Share SparkContext between Java and R Apps under t

2019-02-15 01:47发布

问题:

So here is the setup.

Currently I have two Spark Applications initialized. I need to pass data between them (preferably through shared sparkcontext/sqlcontext so I can just query a temp table). I currently use Parquet Files to dataframe transfer, but is it possible any other way?

MasterURL points to the same SparkMaster

Start Spark via Terminal:

/opt/spark/sbin/start-master.sh; 
/opt/spark/sbin/start-slave.sh spark://`hostname`:7077

Java App Setup:

JavaSparkContext context = new JavaSparkContext(conf);
//conf = setMaster(MasterURL), 6G memory, and 4 cores.
SQLContext sqlContext = new SQLContext(parentContext.sc());

Then I register an existing frame later on

//existing dataframe to temptable
df.registerTempTable("table");

and

SparkR

sc <- sparkR.init(master='MasterURL', sparkEnvir=list(spark.executor.memory='6G', spark.cores.max='4')
sqlContext <- sparkRSQL.init(sc)

# attempt to get temptable
df <- sql(sqlContext, "SELECT * FROM table"); # throws the error

回答1:

As far as I know it is not possible given your current configuration. Tables created using registerTempTable are bound to the specific SQLContext which has been used to create corresponding DataFrame. Even if your Java and SparkR applications use the same master their drivers run on separate JVMs and cannot share single SQLContext.

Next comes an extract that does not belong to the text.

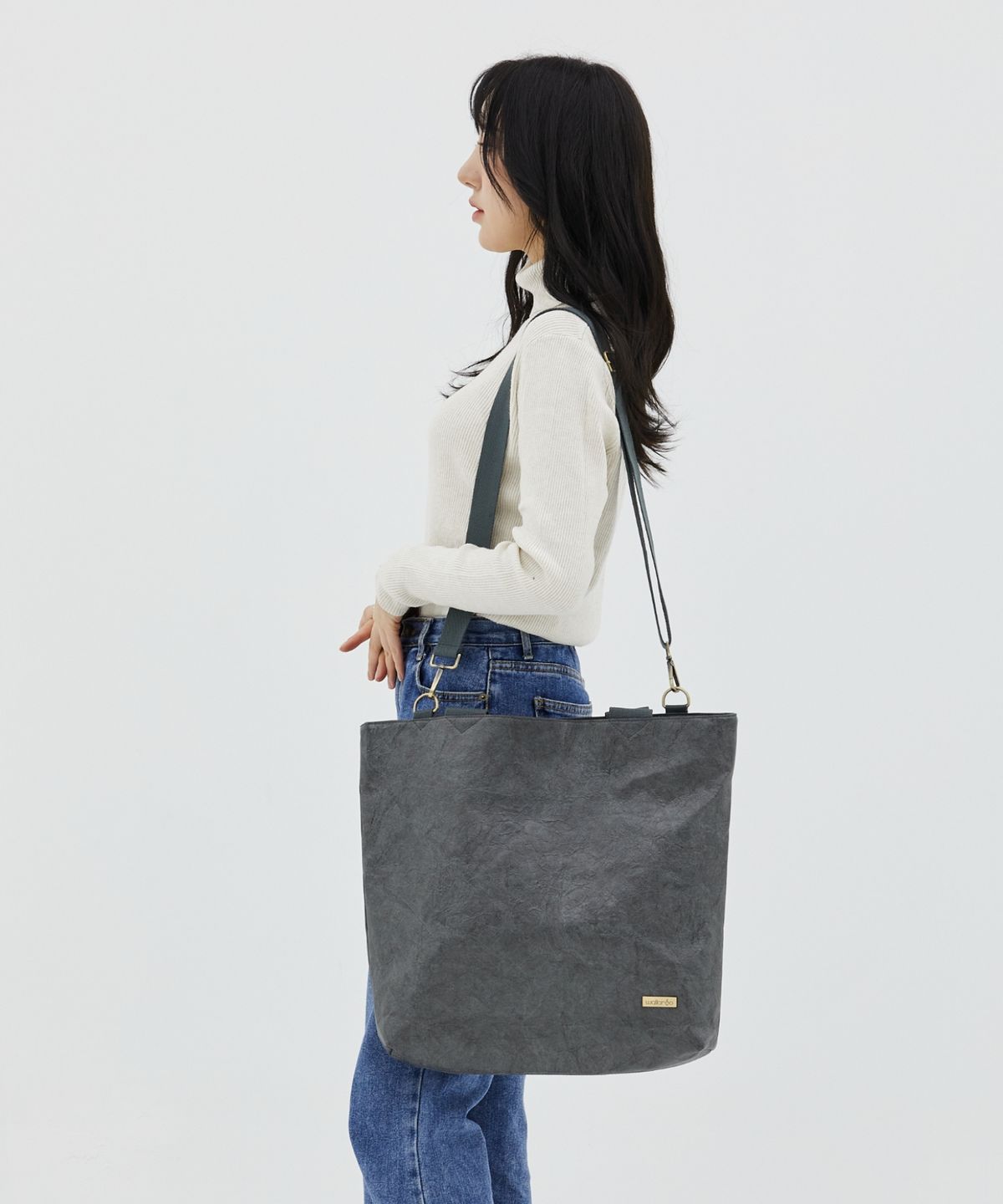 왈라루(WALLAROO) 왈라루 3way Bag 라파오버사이즈_그레이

There are tools, like Apache Zeppelin, which take a different approach with a single SQLContext (and SparkContext) which is exposed to individual backends. This way you can register table using for example Scala and read it from Python. There is a fork of Zeppelin which provides some support for SparkR and R. You can check how it starts and interacts R backend.